<<<<
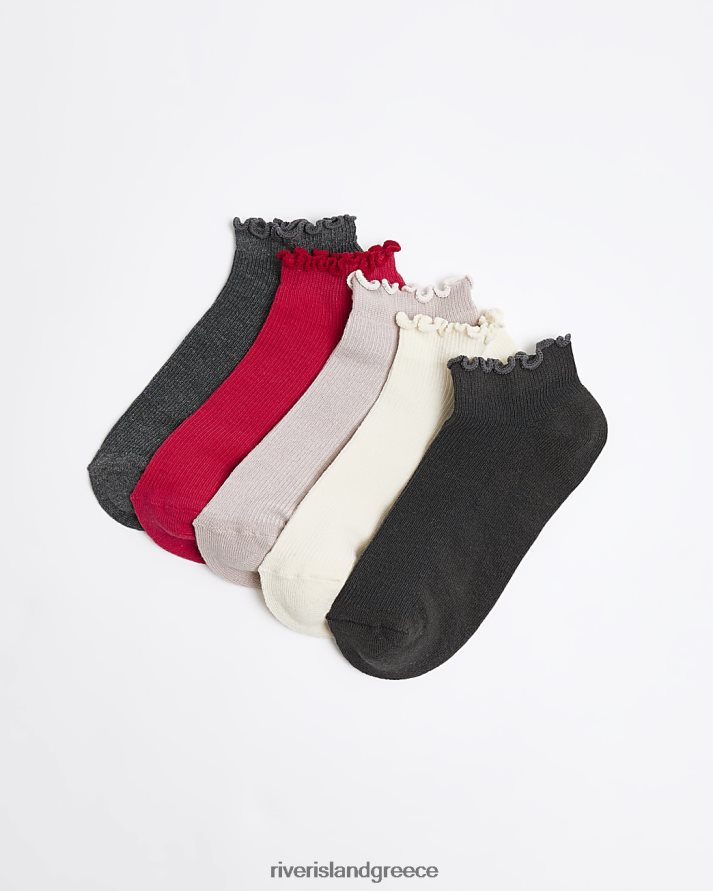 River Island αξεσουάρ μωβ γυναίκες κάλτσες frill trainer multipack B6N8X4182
>>>>
<<<<
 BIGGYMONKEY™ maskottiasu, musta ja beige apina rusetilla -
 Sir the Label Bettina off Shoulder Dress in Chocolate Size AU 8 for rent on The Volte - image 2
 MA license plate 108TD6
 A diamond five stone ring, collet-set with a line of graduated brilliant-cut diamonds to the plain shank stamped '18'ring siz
>>>>
EXERCISE INSTRUCTIONS: Take the lines above from the one containing "MA license plate 108TD6" to the one containing "A diamond five" and retype them exactly, both ends included, with nothing added.

ANSWER FOR THE TASK:
 MA license plate 108TD6
 A diamond five stone ring, collet-set with a line of graduated brilliant-cut diamonds to the plain shank stamped '18'ring siz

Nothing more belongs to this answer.